You Don't Know Anything About Regular Expressions
videos

You Don’t Know Anything About Regular Expressions: A Complete Guide

Regular expressions can be scary…really scary. Fortunately, once you memorize what each symbol represents, the fear quickly subsides. If you fit the title of this article, there’s much to learn! Let’s get started.

Section 1: Learning the Basics

The key to learning how to effectively use regular expressions is to just take a day and memorize all of the symbols. This is the best advice I can possibly offer. Sit down, create some flash cards, and just memorize them! Here are the most common:

  • . – Matches any character, except for line breaks if dotall is false.
  • * – Matches 0 or more of the preceding character.
  • + – Matches 1 or more of the preceding character.
  • ? – Preceding character is optional. Matches 0 or 1 occurrence.
  • \d – Matches any single digit
  • \w – Matches any word character (alphanumeric & underscore).
  • [XYZ] – Matches any single character from the character class.
  • [XYZ]+ – Matches one or more of any of the characters in the set.
  • $ – Matches the end of the string.
  • ^ – Matches the beginning of a string.
  • [^a-z] – When inside of a character class, the ^ means NOT; in this case, match anything that is NOT a lowercase letter.

Yep – it’s not fun, but just memorize them. You’ll be thankful if you do!

Tools

You can be certain that you’ll want to rip your hair out at one point or another when an expression doesn’t work, no matter how much it should – or you think it should! Downloading the RegExr Desktop app is essential, and is really quite fun to fool around with. In addition to real-time checking, it also offers a sidebar which details the definition and usage of every symbol. Download it!.

Section 2: Regular Expressions for Dummies: Screencast Series

The next step is to learn how to actually use these symbols! If video is your preference, you’re in luck! Watch the five lesson video series, “Regular Expressions for Dummies.”

Section 3: Regular Expressions and JavaScript

In this final section, we’ll review a handful of the most important JavaScript methods for working with regular expressions.

1. Test()

This one accepts a single string parameter and returns a boolean indicating whether or not a match has been found. If you don’t necessarily need to perform an operation with the a specific matched result – for instance, when validating a username – “test” will do the job just fine.

Example

var username = 'JohnSmith';
alert(/[A-Za-z_-]+/.test(username)); // returns true

Above, we begin by declaring a regular expression which only allows upper and lower case letters, an underscore, and a dash. We wrap these accepted characters within brackets, which designates a character class. The “+” symbol, which proceeds it, signifies that we’re looking for one or more of any of the preceding characters. We then test that pattern against our variable, “JohnSmith.” Because there was a match, the browser will display an alert box with the value, “true.”

2. Split()

You’re most likely already familiar with the split method. It accepts a single regular expression which represents where the “split” should occur. Please note that we can also use a string if we’d prefer.

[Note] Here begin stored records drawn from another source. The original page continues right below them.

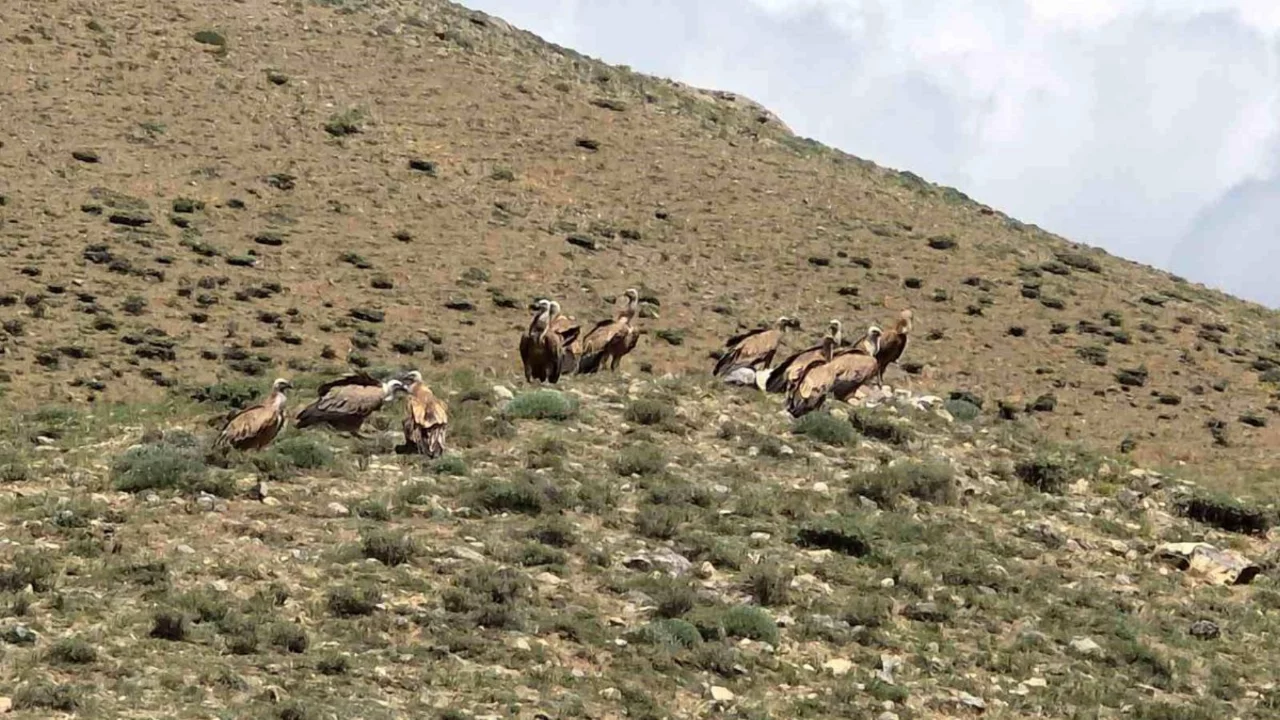 Van'da s&uuml;r&uuml; halinde g&ouml;r&uuml;len kızıl akbabalar g&ouml;r&uuml;ld&uuml;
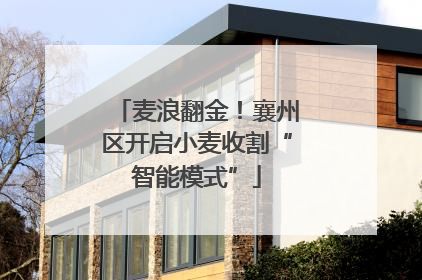 麦浪翻金！襄州区开启小麦收割“智能模式”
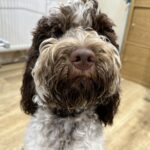 F2 Chocolate Roan Cockapoo at Stud Gallery Image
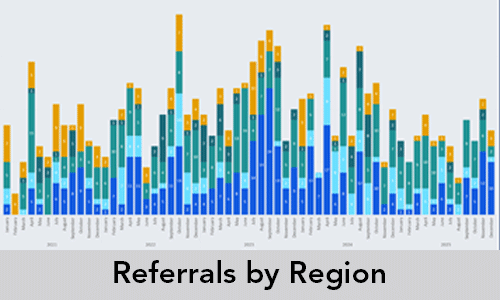 Referrals by Region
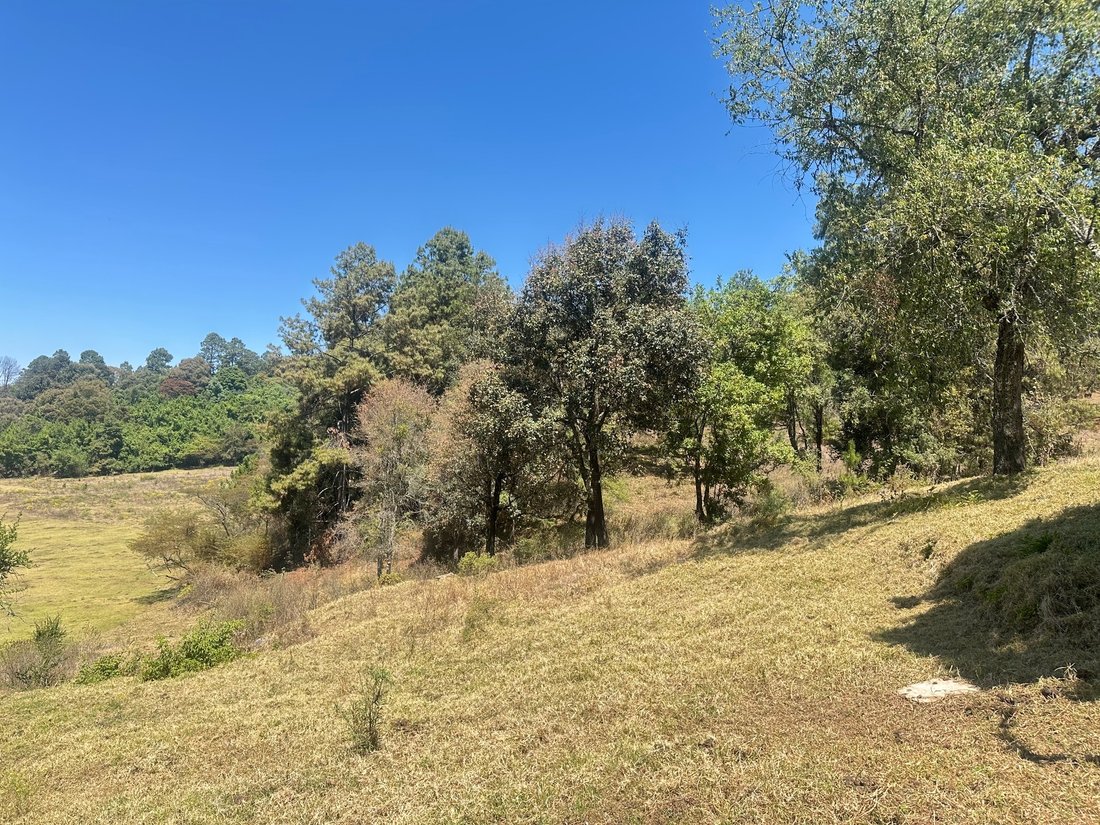 Land in San José Potrerillos, State of Mexico, Mexico 4 - 17930544
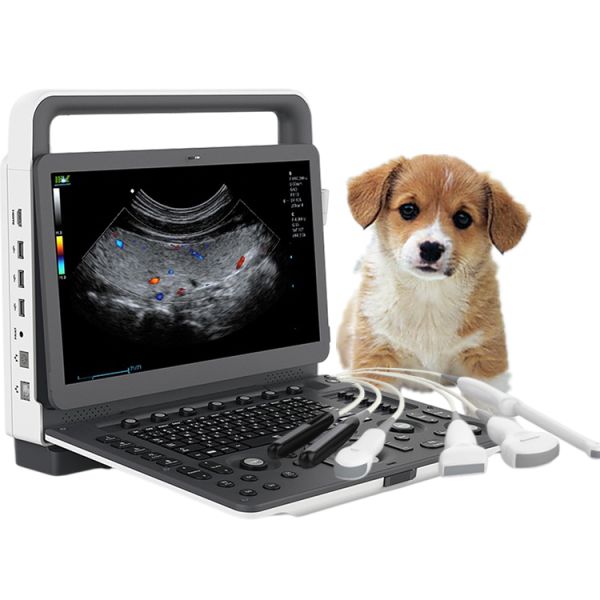 Best Price CW, TDI , PDI Handheld Portable Ultrasonido 3D 4D Veterinary Doppler Ultrasound Machine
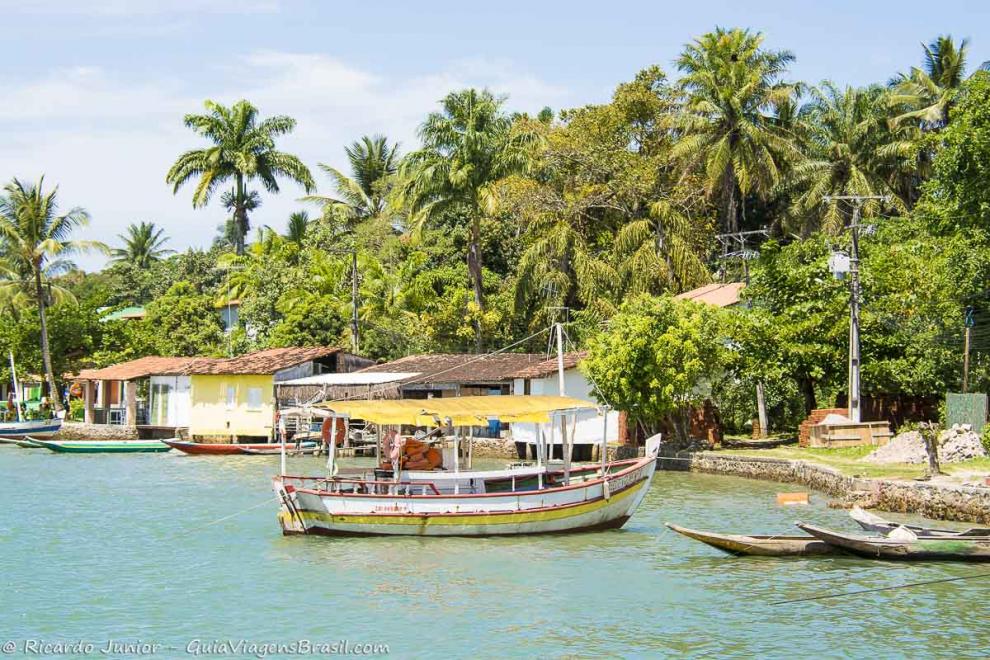 Imagem barco de pescador e ao fundo casas com coqueiros ao redor.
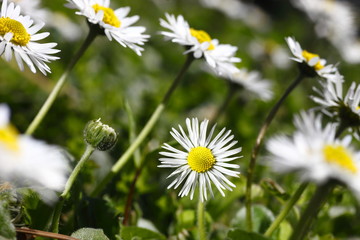 Daisies, flower, plant,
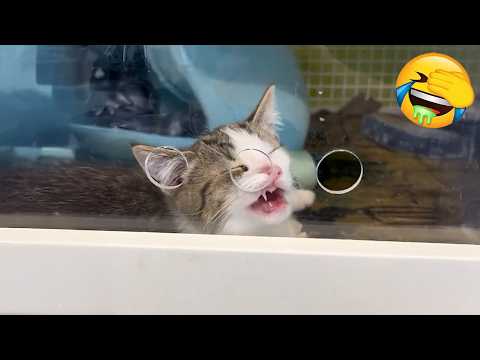 New Funniest Cats Videos 😼Try Not To Laugh😜Daily Serving of Internet Cats Part 18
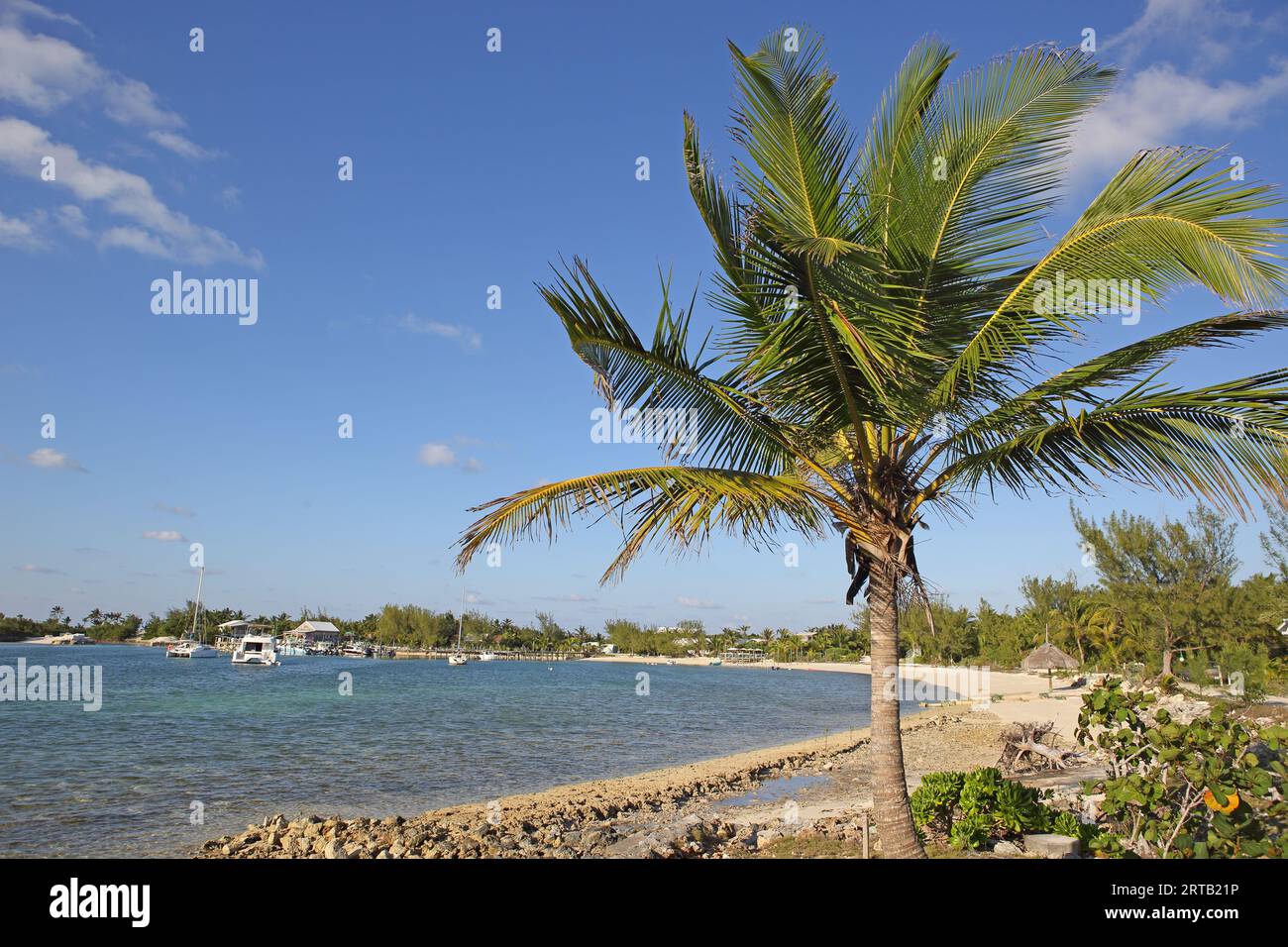 Beach, Little Harbour, Great Abaco, Bahamas Stock Photo Alamy
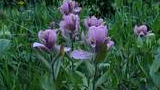 Cluster of purple wildflowers surrounded by green leaves and grass with a few small yellow flowers nearby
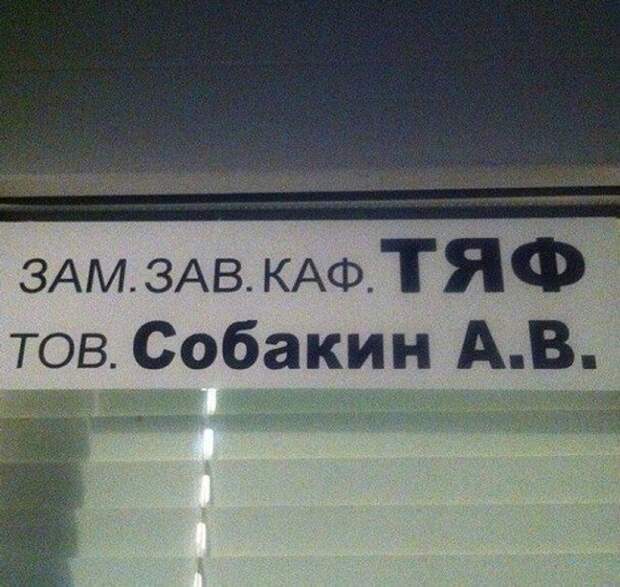 Зав. Каф. Тяф. Собакин. | Фото: fishki.net. Зав. Каф. Тяф. Собакин. | Фото: fishki.net.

var str = 'this is my string';
alert(str.split(/\s/)); // alerts "this, is, my, string"

By passing “\s” – representing a single space – we’ve now split our string into an array. If you need to access one particular value, just append the desired index.

var str = 'this is my this string';
alert(str.split(/\s/)[3]); // alerts "string"

3. Replace()

As you might expect, the “replace” method allows you to replace a certain block of text, represented by a string or regular expression, with a different string.

Example

If we wanted to change the string “Hello, World” to “Hello, Universe,” we could do the following:

var someString = 'Hello, World';
someString = someString.replace(/World/, 'Universe');
alert(someString); // alerts "Hello, Universe"

It should be noted that, for this simple example, we could have simply used .replace(‘World’, ‘Universe’). Also, using the replace method does not automatically overwrite the value the variable, we must reassign the returned value back to the variable, someString.

Example 2

For another example, let’s imagine that we wish to perform some elementary security precautions when a user signs up for our fictional site. Perhaps we want to take their username and remove any symbols, quotation marks, semi-colons, etc. Performing such a task is trivial with JavaScript and regular expressions.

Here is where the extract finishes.